🏳️‍🌈🏺🛐 Bible 11 Jesus heals the Pais

🏳️‍🌈🏺2-Gay in History: Bible 11🛐🏳️‍🌈

Remember that time Jesus healed a gay man’s lover? Really? It’s told in both Luke 7 and Matthew 8:5

Jesus enters Capernaum and is approached by a centurion, an officer in the Roman Legion, whose ‘pais’ is gravely ill. The centurion’s ‘pais’ is ‘entimos’ to him — beloved, adored, valued. Jesus offers to come heal him, but the centurion counters:

“Lord, I am not worthy to have you come under my roof — but only speak the word and my ‘pais’ will be healed. For I too am a man under authority, with soldiers under me. I say to one, ‘Go,’ and he goes, and to another, ‘Come,’ and he comes, and to my ‘doulos’ — my slave — ‘Do this,’ and he does it.”

Jesus marvels at the centurion’s faith, says the word, and heals the ‘pais’.

You probably remember this story as a healing of a slave. But it wouldn’t have read that way to a Greek or Roman listener. When the centurion demonstrates his authority, he uses ‘doulos’ — slave — for his other servants. But for the sick person, both tellings are careful: the narration introduces him as a ‘doulos,’ but the centurion himself always calls him ‘pais.’

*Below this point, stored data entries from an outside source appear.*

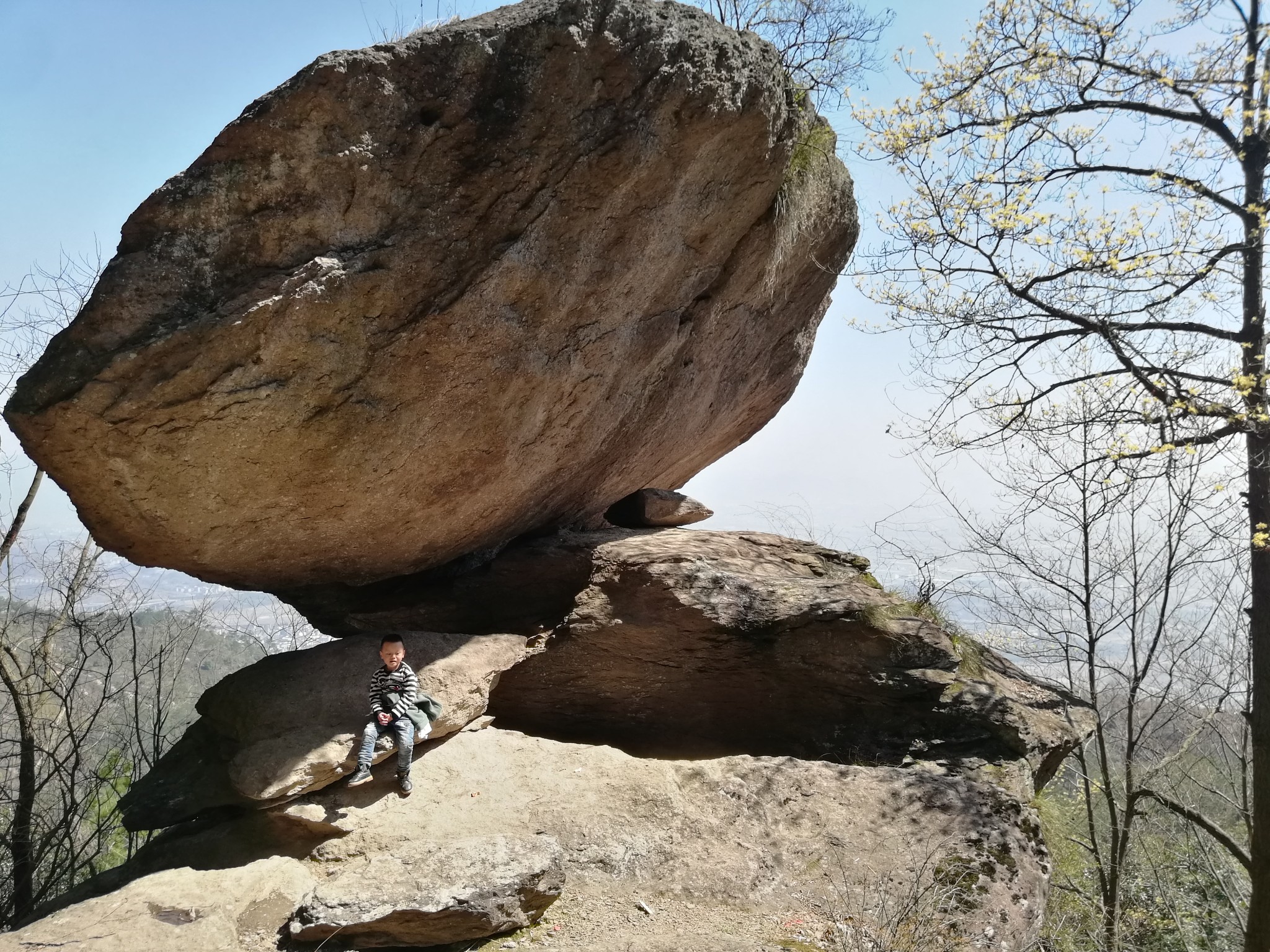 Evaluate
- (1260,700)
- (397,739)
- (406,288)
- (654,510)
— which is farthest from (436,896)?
(1260,700)

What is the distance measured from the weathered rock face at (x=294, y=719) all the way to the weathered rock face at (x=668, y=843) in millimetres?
200

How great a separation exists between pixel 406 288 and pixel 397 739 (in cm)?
301

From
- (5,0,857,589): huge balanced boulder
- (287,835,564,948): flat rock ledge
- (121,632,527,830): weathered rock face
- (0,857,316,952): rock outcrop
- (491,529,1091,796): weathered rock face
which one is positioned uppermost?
(5,0,857,589): huge balanced boulder

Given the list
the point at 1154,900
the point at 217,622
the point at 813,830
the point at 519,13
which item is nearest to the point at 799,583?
the point at 813,830

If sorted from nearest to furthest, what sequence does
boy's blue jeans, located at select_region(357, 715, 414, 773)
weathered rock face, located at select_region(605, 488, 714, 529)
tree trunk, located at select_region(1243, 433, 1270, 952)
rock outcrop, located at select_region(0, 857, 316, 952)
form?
1. rock outcrop, located at select_region(0, 857, 316, 952)
2. boy's blue jeans, located at select_region(357, 715, 414, 773)
3. tree trunk, located at select_region(1243, 433, 1270, 952)
4. weathered rock face, located at select_region(605, 488, 714, 529)

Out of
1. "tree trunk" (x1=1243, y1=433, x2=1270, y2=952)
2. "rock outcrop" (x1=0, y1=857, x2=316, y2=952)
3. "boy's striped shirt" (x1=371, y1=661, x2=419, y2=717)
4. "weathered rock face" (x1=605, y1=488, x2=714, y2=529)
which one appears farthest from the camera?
"weathered rock face" (x1=605, y1=488, x2=714, y2=529)

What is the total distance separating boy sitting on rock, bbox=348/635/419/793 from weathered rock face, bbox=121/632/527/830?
0.47 ft

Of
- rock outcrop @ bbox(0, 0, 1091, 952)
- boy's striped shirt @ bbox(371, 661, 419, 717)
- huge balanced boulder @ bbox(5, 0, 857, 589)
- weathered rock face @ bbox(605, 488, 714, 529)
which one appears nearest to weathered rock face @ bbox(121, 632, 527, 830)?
rock outcrop @ bbox(0, 0, 1091, 952)

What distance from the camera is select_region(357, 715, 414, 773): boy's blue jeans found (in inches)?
211

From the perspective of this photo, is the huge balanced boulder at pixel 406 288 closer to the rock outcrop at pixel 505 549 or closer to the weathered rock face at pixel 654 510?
the rock outcrop at pixel 505 549

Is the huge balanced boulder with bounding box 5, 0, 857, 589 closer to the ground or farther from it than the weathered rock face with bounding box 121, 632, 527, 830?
farther from it

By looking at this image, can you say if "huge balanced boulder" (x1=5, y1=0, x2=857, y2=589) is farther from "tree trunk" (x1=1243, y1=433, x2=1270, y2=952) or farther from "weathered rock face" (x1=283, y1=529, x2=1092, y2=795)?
"tree trunk" (x1=1243, y1=433, x2=1270, y2=952)

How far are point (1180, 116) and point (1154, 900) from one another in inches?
383

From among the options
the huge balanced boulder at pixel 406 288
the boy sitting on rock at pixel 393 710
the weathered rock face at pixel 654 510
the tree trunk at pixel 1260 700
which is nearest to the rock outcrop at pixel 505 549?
the huge balanced boulder at pixel 406 288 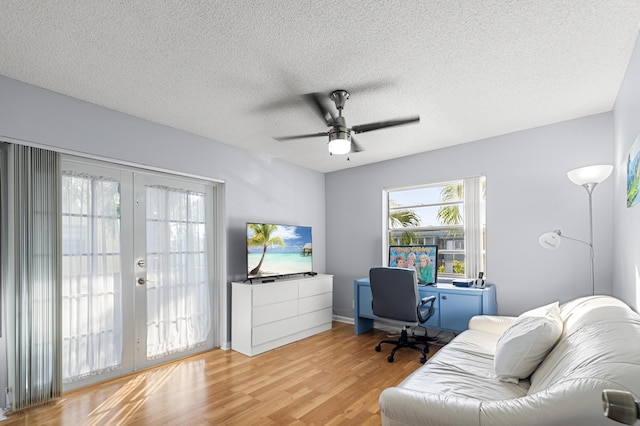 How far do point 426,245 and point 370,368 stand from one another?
1829 millimetres

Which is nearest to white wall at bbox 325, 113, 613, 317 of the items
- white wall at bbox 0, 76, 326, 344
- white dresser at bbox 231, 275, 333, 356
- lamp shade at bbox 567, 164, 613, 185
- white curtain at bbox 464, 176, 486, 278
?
white curtain at bbox 464, 176, 486, 278

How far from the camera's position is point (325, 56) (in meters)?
2.22

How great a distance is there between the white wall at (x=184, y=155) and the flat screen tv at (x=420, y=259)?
4.53 feet

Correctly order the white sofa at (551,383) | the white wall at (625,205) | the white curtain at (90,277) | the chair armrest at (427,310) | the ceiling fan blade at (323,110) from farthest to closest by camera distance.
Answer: the chair armrest at (427,310) → the white curtain at (90,277) → the ceiling fan blade at (323,110) → the white wall at (625,205) → the white sofa at (551,383)

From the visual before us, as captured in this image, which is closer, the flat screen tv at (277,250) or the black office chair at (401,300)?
the black office chair at (401,300)

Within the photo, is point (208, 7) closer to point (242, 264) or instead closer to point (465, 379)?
point (465, 379)

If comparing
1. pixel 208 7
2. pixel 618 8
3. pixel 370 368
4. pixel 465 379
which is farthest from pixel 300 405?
pixel 618 8

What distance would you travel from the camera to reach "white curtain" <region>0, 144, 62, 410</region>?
2.49m

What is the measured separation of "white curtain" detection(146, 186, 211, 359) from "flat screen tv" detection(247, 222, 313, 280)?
58 cm

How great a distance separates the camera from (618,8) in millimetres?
1785

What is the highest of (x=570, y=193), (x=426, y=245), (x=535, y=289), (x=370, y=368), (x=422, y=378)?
(x=570, y=193)

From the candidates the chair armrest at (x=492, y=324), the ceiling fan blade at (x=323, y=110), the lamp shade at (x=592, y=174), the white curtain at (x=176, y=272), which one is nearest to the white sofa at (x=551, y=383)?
the chair armrest at (x=492, y=324)

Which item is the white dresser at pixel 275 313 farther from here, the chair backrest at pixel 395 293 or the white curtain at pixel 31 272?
the white curtain at pixel 31 272

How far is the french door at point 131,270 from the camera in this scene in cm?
293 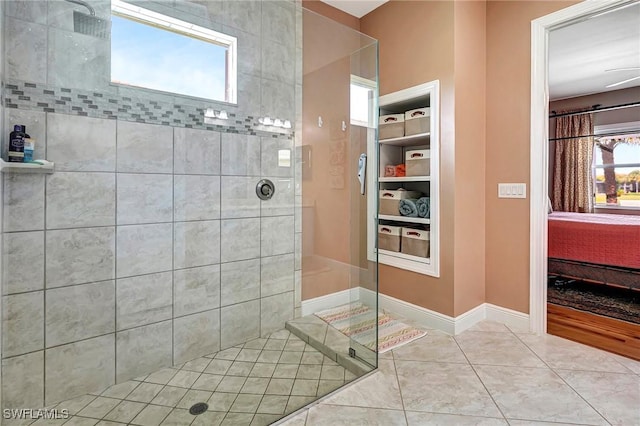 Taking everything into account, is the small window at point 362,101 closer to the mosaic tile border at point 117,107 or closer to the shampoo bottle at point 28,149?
the mosaic tile border at point 117,107

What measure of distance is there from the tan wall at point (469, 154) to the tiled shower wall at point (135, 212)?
1224 millimetres

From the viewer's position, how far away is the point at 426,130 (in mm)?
2590

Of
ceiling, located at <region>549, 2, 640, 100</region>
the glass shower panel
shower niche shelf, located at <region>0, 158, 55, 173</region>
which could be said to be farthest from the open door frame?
shower niche shelf, located at <region>0, 158, 55, 173</region>

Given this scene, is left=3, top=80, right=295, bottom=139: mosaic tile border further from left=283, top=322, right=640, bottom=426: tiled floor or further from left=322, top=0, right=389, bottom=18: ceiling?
left=283, top=322, right=640, bottom=426: tiled floor

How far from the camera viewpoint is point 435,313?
252cm

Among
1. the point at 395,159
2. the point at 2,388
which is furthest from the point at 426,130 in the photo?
the point at 2,388

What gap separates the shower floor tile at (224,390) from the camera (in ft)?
5.04

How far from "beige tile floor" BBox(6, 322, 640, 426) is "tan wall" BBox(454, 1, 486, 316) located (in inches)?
22.6

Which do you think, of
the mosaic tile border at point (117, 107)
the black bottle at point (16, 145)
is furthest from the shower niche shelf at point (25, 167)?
the mosaic tile border at point (117, 107)

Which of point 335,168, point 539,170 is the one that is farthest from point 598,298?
point 335,168

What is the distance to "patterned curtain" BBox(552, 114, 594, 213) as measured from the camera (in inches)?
184

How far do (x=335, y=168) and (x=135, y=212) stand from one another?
142 cm

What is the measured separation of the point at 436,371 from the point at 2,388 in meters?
2.18

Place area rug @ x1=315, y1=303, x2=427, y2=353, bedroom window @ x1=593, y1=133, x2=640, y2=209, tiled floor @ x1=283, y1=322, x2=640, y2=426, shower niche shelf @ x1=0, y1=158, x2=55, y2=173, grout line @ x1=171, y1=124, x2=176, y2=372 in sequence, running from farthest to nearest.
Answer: bedroom window @ x1=593, y1=133, x2=640, y2=209, area rug @ x1=315, y1=303, x2=427, y2=353, grout line @ x1=171, y1=124, x2=176, y2=372, tiled floor @ x1=283, y1=322, x2=640, y2=426, shower niche shelf @ x1=0, y1=158, x2=55, y2=173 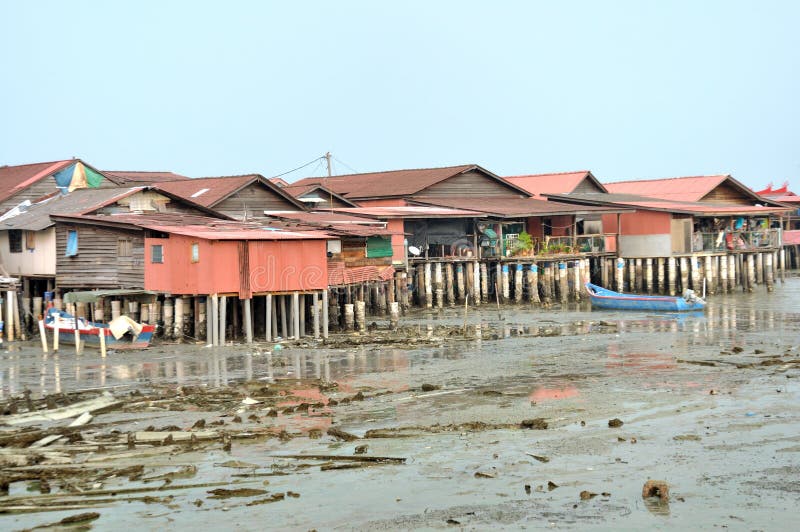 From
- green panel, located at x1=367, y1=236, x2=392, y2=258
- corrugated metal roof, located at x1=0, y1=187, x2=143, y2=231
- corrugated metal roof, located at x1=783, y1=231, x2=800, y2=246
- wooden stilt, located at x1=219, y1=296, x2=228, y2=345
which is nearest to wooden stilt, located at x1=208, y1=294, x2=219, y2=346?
wooden stilt, located at x1=219, y1=296, x2=228, y2=345

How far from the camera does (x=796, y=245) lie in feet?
248

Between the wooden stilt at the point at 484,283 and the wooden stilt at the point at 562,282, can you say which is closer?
the wooden stilt at the point at 484,283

‘Pais’ has several meanings: first, boy or child; second, servant or slave. But just as “boy” or “partner” carries different weight depending on context in the gay community today, so did ‘pais’ then. In secular military contexts it is sometimes translated as “tentboy” to distinguish it — the younger companion, servant, and often sexual partner of an officer.

By this point Judea had been shaped by Greek culture for centuries and Roman culture for generations. Rome assigned sexual roles by rank and status. A servant was a socially acceptable receptive partner, especially for an officer. Soldiers were prohibited from legal marriage during service, and many officers were permitted, even expected, to have a younger soldier or servant as a sexual companion and tentmate. The word for that person was usually ‘pais,’ borrowed from the Greek term for the younger partner in a traditional—conceptually coercive—mentor relationship, called pederasty.

Every Greek speaker in the audience would know those resonances. Even Jesus, raised near a Greek city and formed within a culture long shaped by Hellenic influence, would know the difference between ‘pais’ and ‘doulos.’

And then a centurion, risking his status and reputation by coming to a Jewish healer rather than to Roman shrines—possibly why he’s not eager to have Jesus at his house — that risk is itself a measure of how deeply he ‘entimos’ this ‘pais.’ Scholars Theodore Jennings and Tat-siong Benny Liew recognize this distinction and argue it is deliberate.

Jesus compliments the man as having more faith than all in Israel, and heals the ‘pais’ without hesitation or qualification. He doesn’t admonish him, ask for clarification or repentance, but compliments and gives immediate aid. Maybe Jesus never spoke explicitly about gay people in his ministry — but he ministered freely to them and praised their faith without condition.

Could the centurion have simply adored his totally platonic slave? Used a deliberate special term of endearment, while he implied other slaves with whom he didn’t share some special bond? Could he have risked his standing, even if he wasn’t Roman, for purely professional or compassionate reasons? Sure, it is a completely valid, if potentially tone deaf, reading of the text but it ignores the intentionally shifting words and their subtextual connotations.

It’s like someone in a gay bar mentioning their “partner at home” — it could mean a business partner they happen to live with. But, that’s not what anyone would assume. And that blaring implication is exactly what millions of Bibles have chosen to translate into the closet.